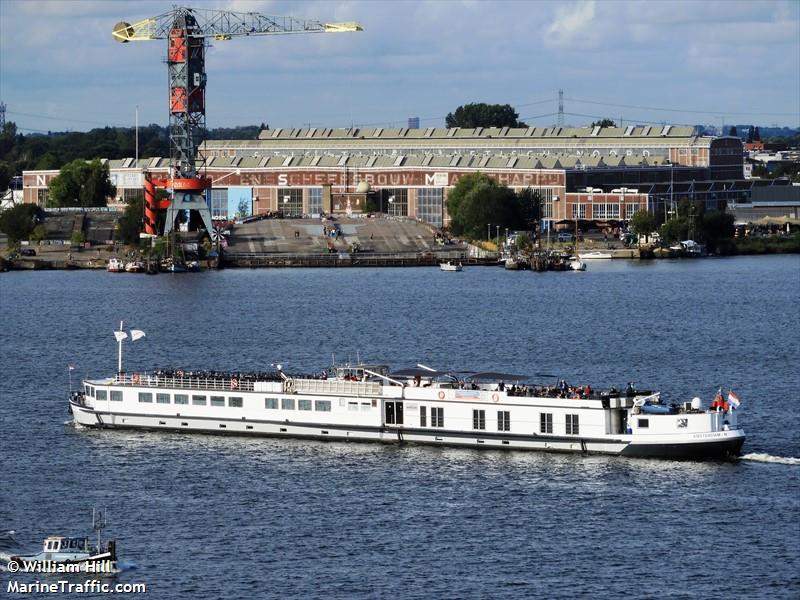 mps de holland (Passenger ship) - IMO , MMSI 244615753, Call Sign PD4603 under the flag of Netherlands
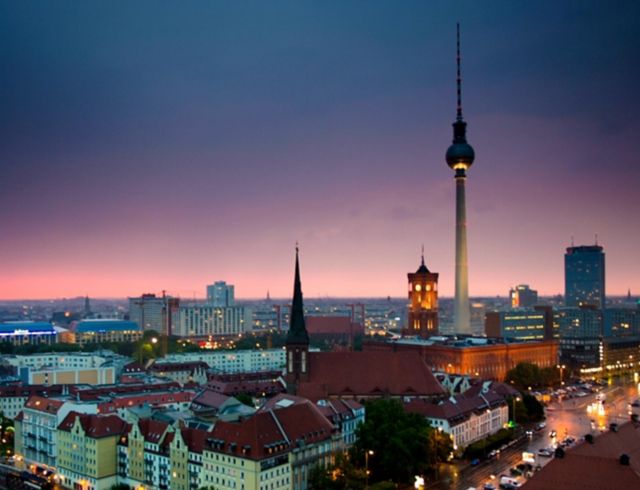 Berlin Skyline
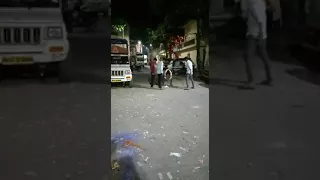 Fire crackers incident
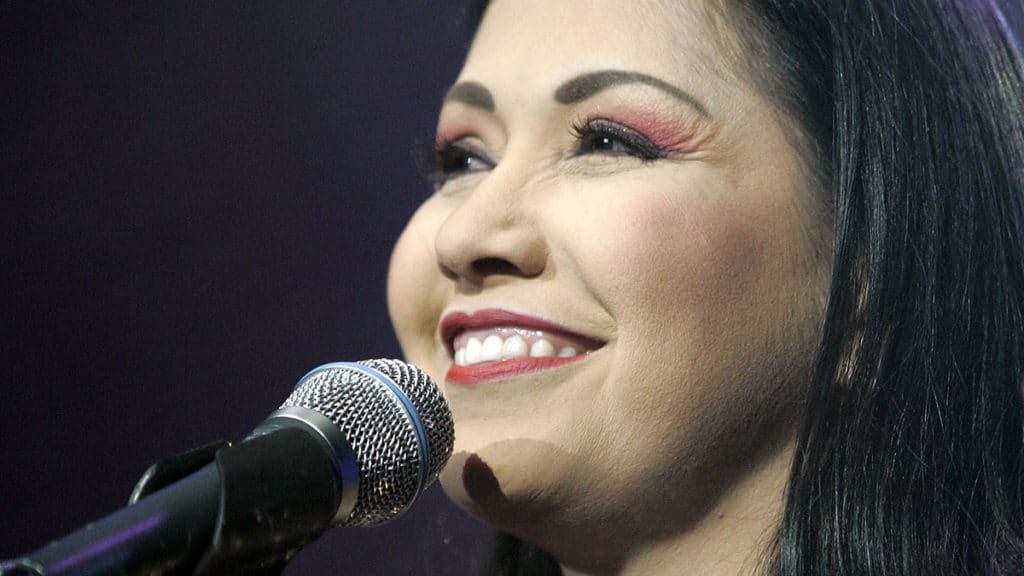 Ana Gabriel mariachi pop star (Michael Bush/Dreamstime)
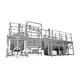 estação de descontaminação de laboratório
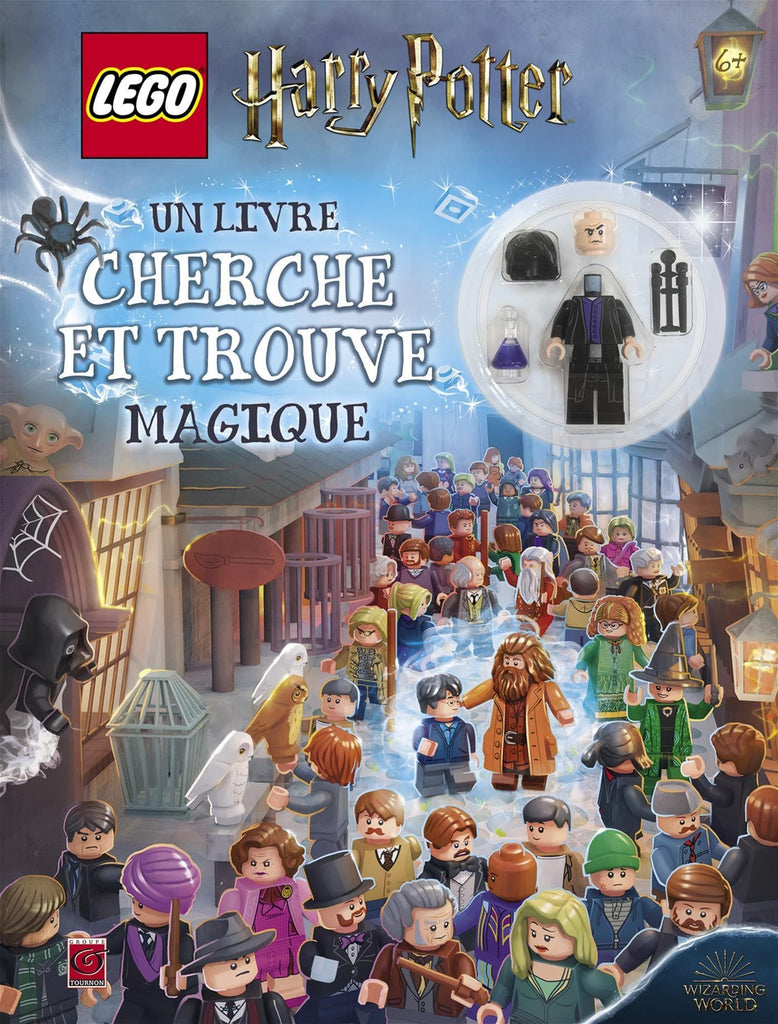 Lego - Harry Potter - Cherche et trouve magique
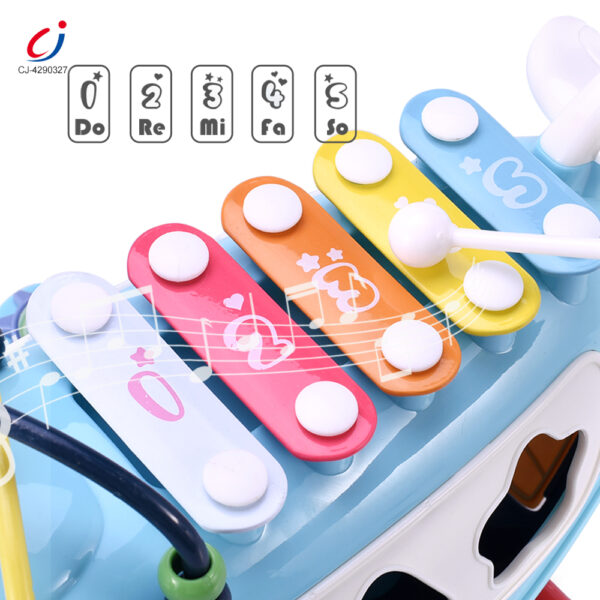 Wholesale Multi-Functional Piano Knocking Toy for Early Learning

——

● Task details: When you repeat the data, keep it exact and drop every picture.

● Reply:
 mps de holland (Passenger ship) - IMO , MMSI 244615753, Call Sign PD4603 under the flag of Netherlands
 Berlin Skyline
 Fire crackers incident
 Ana Gabriel mariachi pop star (Michael Bush/Dreamstime)
 estação de descontaminação de laboratório
 Lego - Harry Potter - Cherche et trouve magique
 Wholesale Multi-Functional Piano Knocking Toy for Early Learning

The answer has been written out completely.